Sport

Are Wallabies punch drunk or battle-ready? Boks about to find out, says Rassie

Rugby Championship

Mike Greenaway|Published

Rassie Erasmus reflects on his time under Joe Schmidt as the Springboks prepare to face the Wallabies in a high-stakes Rugby Championship opener at Ellis Park. Photo: Itumeleng English Independent Media

Image: Itumeleng English Independent Media

There was a time when Rassie Erasmus took orders from Joe Schmidt, and the Springbok coach admits he is nervous going up against his old master when the Springboks host the Wallabies on Saturday at Ellis Park.

Schmidt is the man respected for building the Ireland rugby dynasty, and Erasmus says he learned from him when he and Jacques Nienaber were coaching Munster in 2016 and 2017.

“I’m not one to suck up other coaches because it doesn’t help your team perform better on match day, but Joe is a great coach,” Erasmus said, after naming his team for the opening Test of the Rugby Championship.

Schmidt has picked the Wallabies up off the scrapheap — they could not get out of their pool at the last World Cup — and shaped them into a side that almost beat the British and Irish Lions.

“I worked with Joe in Ireland, as did (assistant Bok coaches) Felix Jones and Jerry Flannery,” Erasmus said.

“When you sign with an Irish club, you don’t sign with Ulster, Munster or Leinster, you sign with the Irish Rugby Union, so we reported to Joe Schmidt,” Erasmus explained.

“That is what I did for two years. We sat in many meetings together. He is a very particular guy, very detail-driven. He certainly knows what he wants.

“Players are on edge to satisfy his demands. That is what we will get from the Wallabies this weekend,” Erasmus added.

“I know he is stepping down and Les Kiss is with him here. But he is a very competitive guy and I can’t see them not being on a high after the way they finished that Lions series.

“He will want to finish on a high and the players have a lot of respect for what he has brought to the Aussie jersey. Everybody is talking about the fight for the jersey is back. That is what Joe does.
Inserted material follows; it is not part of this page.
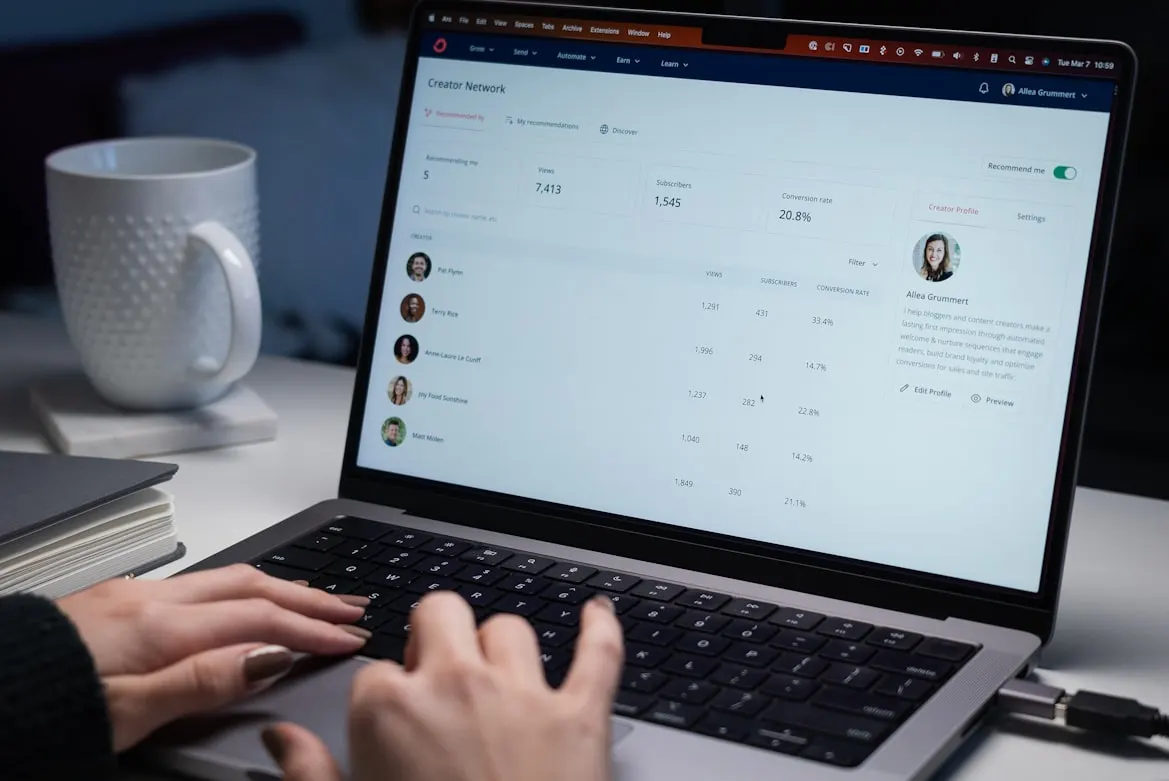 A recruiter analyzes a candidate tracking system dashboard on their computer.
“You can’t forget what that guy did for Ireland with only 160 professional players. I had first-hand experience of that. So we have respect for him, and also for the squad he is building.”

While the Aussies were scrapping for their lives in a hugely hyped series with the Lions, the Boks took a road less travelled and had relatively unexacting encounters with the Barbarians, Italy (twice), and Georgia.

“There are two ways to look at the debate over battle-readiness,” Erasmus said. “They have six or seven injuries after having to field the same team over and over.

“But we lost only one player in Jasper Wiese, when he lost his temper a bit. Otherwise, we have lost nobody here, which bodes well for the Rugby Championship.

“Yes, games are games because you get the pressure and the nerves, and we might be lacking a bit there because none of our games were close. Tactically, we were not challenged by Italy and Georgia, but those were very physical matches.

“Are the Wallabies punch drunk or battle ready? You can never be sure. You can only hope you did the right thing.

“There are two realities,” Erasmus concluded.

“What they believe in their team, what we believe in our team, and then there is the truth. We will find out the truth on Saturday.”

While Italy never extended the Boks on the scoreboard, Erasmus acknowledged that the Boks learned some lessons, especially from the second-half fade at Loftus Versfeld in the first Test.

“The guys were going to have ten days off but we cancelled that,” the coach said. “This is our third week in camp, and we have been together for nine weeks.

“In that game in Pretoria, we lost our intensity for a few minutes and they hit back with a couple of tries. Our expectations of ourselves are very high and we were disappointed with that.

“We tried to rectify it in the second Italy Test and against Georgia, and upped the intensity in training, plus added an extra week of training.

“If we hit patches where we relax in the Rugby Championship, then we coaches are missing a trick.”